:: TASK GOAL ::
Of all the entries below, retype only the lines from the one with "Детская пижама хлопок" through the one with "Zipper Washed Camouflage Cargo Pants", exactly as they appear.

Web page caption snippets:
*** Begin section ***

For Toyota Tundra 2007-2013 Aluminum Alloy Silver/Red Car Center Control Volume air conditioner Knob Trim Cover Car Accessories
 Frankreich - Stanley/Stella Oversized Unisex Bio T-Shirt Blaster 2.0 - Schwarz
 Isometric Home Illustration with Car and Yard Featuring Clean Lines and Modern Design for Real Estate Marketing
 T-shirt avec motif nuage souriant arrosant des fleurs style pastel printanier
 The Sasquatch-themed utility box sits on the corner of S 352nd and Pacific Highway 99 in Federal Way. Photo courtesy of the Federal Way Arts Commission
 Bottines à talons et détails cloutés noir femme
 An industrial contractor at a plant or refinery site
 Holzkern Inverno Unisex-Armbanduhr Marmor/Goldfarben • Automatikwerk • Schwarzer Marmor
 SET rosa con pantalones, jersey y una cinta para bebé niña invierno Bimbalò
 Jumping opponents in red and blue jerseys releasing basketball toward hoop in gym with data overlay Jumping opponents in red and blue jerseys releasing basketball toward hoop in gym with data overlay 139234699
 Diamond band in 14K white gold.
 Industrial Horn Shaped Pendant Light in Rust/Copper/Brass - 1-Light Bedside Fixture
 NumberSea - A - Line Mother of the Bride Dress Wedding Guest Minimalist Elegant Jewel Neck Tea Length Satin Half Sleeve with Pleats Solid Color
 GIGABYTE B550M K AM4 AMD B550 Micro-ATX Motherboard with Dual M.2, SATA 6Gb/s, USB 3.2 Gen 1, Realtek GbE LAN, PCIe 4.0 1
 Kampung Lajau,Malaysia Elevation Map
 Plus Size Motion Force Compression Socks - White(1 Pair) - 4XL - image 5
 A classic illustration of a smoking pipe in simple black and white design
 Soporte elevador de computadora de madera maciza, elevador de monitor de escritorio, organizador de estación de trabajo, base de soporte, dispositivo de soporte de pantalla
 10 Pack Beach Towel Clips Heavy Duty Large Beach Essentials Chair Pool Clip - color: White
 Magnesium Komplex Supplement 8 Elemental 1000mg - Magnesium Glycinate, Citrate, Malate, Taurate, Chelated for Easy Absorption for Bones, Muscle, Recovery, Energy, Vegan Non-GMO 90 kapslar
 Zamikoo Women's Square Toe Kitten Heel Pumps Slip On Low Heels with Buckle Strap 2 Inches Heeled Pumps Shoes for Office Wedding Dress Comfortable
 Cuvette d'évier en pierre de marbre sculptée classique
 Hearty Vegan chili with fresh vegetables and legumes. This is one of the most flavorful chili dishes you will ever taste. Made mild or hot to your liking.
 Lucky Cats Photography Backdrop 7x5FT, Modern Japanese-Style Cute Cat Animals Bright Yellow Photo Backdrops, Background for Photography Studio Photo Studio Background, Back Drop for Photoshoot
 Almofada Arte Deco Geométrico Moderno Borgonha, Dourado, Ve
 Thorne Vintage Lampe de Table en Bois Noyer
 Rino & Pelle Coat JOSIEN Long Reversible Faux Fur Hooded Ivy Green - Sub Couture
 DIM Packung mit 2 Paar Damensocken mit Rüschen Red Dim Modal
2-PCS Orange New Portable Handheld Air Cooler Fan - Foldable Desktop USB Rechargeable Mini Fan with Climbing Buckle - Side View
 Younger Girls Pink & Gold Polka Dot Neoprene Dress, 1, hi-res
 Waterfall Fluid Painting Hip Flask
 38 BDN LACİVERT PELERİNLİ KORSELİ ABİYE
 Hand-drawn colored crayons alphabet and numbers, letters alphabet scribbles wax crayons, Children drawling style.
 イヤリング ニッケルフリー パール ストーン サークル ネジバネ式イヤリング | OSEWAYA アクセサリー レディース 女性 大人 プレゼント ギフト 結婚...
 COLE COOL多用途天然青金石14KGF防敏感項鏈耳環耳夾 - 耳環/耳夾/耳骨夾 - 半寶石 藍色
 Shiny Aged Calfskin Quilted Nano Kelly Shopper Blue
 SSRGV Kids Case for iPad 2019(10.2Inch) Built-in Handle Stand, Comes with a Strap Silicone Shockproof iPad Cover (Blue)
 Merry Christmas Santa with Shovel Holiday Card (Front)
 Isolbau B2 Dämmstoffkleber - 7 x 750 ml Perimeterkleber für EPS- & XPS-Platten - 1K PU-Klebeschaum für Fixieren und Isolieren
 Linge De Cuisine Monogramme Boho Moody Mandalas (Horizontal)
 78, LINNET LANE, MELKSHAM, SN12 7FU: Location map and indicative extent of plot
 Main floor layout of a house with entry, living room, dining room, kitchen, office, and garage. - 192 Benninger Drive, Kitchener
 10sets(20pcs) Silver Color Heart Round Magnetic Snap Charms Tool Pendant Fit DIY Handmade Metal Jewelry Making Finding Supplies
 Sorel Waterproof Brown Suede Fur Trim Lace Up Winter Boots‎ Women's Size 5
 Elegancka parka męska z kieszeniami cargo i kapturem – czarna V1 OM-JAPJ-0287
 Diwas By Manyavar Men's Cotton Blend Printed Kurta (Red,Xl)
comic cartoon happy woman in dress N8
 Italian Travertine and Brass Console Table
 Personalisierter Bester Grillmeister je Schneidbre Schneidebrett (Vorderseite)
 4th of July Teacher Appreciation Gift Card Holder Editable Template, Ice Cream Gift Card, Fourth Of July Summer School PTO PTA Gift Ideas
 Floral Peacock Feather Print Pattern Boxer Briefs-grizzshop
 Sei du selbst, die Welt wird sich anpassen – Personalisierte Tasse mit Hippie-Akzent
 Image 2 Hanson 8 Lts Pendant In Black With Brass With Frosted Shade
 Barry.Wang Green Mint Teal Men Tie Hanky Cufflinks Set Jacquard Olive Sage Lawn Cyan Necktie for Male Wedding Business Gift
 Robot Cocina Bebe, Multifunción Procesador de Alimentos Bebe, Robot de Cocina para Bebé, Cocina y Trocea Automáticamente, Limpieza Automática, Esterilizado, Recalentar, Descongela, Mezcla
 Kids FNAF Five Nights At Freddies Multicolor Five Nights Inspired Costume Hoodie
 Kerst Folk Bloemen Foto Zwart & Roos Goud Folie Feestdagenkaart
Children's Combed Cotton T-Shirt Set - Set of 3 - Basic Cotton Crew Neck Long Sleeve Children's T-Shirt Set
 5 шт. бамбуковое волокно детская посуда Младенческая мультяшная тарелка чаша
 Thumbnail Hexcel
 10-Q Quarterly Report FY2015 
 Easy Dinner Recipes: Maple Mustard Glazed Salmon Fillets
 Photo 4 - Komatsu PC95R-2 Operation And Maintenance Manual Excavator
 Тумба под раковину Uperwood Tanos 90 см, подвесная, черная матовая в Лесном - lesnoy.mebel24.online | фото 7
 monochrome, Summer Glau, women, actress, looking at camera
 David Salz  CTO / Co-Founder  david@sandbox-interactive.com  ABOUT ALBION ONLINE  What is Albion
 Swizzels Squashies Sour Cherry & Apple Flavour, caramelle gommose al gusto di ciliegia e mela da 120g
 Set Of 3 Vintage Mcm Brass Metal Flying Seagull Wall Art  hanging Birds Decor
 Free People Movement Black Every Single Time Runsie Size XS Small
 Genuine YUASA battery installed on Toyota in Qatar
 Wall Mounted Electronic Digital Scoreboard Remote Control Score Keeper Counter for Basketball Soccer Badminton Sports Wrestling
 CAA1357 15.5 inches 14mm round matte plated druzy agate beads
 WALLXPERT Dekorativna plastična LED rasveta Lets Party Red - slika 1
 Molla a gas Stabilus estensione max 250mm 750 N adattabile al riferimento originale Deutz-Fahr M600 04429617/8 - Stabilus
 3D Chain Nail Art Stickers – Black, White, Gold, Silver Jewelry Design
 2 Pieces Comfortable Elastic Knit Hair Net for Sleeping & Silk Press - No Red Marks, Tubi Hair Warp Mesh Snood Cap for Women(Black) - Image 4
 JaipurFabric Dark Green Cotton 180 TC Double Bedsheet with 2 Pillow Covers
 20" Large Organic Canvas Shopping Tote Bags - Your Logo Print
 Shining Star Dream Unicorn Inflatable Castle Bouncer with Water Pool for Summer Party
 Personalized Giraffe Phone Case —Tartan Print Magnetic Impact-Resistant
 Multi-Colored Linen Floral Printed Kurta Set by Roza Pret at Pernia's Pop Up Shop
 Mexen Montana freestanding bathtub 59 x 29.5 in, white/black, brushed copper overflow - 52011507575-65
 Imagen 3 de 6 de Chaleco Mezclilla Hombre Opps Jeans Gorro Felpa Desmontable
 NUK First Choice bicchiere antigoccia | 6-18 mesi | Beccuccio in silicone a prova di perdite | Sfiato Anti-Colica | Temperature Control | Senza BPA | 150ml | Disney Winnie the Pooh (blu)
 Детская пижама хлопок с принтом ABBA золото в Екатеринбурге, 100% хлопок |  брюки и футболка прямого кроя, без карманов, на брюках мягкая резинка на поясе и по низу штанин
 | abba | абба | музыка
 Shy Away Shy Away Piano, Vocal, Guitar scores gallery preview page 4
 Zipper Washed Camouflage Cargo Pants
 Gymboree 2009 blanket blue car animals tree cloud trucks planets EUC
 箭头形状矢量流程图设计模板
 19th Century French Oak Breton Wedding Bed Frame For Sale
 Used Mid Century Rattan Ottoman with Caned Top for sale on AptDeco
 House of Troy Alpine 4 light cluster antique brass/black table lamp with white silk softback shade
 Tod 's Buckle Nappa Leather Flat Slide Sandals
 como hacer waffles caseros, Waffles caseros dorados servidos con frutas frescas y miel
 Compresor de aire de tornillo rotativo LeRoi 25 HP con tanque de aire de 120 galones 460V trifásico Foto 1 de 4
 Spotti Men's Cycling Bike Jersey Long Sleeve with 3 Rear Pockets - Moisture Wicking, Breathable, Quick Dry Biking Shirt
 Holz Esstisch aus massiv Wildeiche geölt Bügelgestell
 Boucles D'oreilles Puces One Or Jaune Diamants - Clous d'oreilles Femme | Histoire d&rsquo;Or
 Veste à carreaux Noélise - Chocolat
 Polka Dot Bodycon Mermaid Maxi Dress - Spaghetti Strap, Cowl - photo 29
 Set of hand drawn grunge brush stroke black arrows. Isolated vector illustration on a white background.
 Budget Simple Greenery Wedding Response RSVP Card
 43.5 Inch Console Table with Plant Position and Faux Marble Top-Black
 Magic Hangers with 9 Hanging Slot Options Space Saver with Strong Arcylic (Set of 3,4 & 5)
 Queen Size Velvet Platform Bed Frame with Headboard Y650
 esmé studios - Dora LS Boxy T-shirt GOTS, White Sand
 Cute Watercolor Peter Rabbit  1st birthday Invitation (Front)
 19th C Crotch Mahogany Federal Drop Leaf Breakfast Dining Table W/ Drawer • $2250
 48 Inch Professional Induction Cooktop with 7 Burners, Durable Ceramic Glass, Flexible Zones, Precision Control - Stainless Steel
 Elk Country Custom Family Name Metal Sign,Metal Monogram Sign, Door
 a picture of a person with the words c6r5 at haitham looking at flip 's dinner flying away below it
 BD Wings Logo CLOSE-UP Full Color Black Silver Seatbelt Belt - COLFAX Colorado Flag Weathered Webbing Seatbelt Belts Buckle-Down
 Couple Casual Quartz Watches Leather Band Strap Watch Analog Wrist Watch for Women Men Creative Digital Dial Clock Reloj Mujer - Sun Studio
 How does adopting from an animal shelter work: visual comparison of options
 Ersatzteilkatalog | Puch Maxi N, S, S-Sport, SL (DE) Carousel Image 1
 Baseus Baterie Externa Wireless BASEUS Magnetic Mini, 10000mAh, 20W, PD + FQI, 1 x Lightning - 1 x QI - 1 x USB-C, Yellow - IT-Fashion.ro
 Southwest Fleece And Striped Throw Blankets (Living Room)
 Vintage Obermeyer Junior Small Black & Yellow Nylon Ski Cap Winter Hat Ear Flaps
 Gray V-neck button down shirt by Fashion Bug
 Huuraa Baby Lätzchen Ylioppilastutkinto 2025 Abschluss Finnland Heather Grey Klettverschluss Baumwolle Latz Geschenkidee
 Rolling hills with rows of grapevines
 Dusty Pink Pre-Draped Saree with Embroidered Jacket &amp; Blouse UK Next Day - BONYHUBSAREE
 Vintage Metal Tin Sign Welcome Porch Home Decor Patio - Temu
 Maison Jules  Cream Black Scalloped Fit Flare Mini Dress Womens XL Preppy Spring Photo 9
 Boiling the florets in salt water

*** End section ***

:: EXPECTED ANSWER ::
 Детская пижама хлопок с принтом ABBA золото в Екатеринбурге, 100% хлопок |  брюки и футболка прямого кроя, без карманов, на брюках мягкая резинка на поясе и по низу штанин
 | abba | абба | музыка
 Shy Away Shy Away Piano, Vocal, Guitar scores gallery preview page 4
 Zipper Washed Camouflage Cargo Pants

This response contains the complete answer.